The data below:

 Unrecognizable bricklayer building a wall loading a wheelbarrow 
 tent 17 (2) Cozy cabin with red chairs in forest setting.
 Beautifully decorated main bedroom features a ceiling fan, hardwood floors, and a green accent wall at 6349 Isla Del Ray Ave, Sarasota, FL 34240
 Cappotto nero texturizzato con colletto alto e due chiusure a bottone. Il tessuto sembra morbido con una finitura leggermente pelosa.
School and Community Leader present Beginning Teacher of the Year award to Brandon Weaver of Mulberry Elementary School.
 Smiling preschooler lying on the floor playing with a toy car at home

End of The data.
The data below:

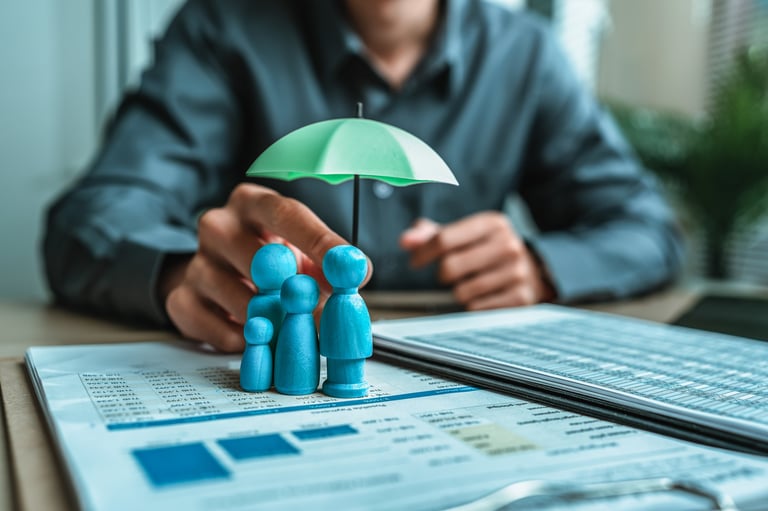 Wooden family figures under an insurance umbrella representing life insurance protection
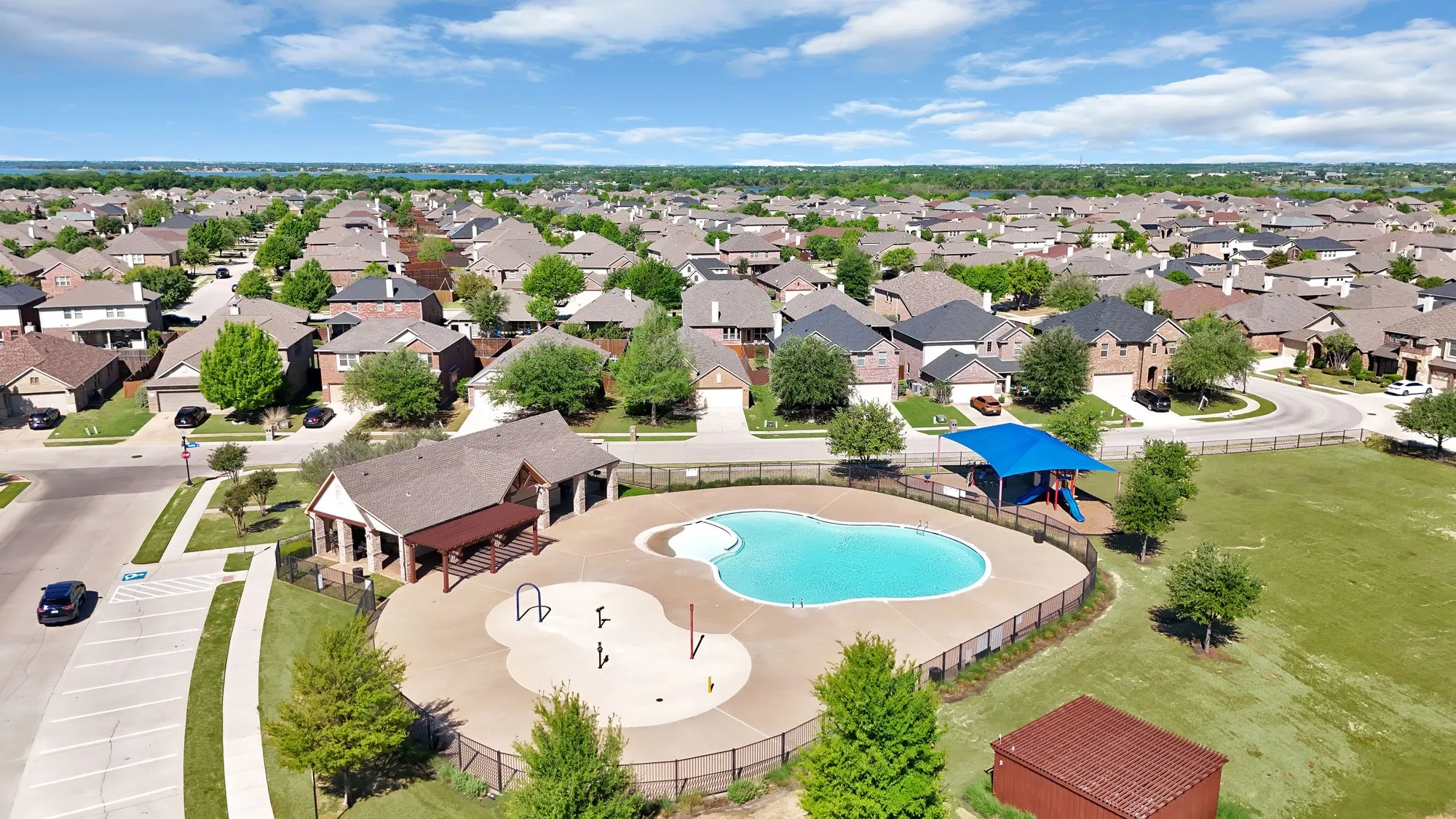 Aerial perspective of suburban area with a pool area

End of The data.
The data below:

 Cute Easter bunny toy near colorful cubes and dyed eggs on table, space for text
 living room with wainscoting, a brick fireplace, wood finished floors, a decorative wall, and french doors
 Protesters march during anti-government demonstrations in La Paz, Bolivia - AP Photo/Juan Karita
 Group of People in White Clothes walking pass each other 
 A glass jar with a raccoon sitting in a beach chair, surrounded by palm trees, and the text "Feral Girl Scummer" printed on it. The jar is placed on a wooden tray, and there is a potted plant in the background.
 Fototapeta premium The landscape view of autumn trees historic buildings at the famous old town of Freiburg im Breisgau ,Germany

End of The data.

| Work to be completed |
Of the lines above, retype only those from the line containing "Group of People" through the line containing "Fototapeta premium The", including both, exactly.

| Answer to the problem |
 Group of People in White Clothes walking pass each other 
 A glass jar with a raccoon sitting in a beach chair, surrounded by palm trees, and the text "Feral Girl Scummer" printed on it. The jar is placed on a wooden tray, and there is a potted plant in the background.
 Fototapeta premium The landscape view of autumn trees historic buildings at the famous old town of Freiburg im Breisgau ,Germany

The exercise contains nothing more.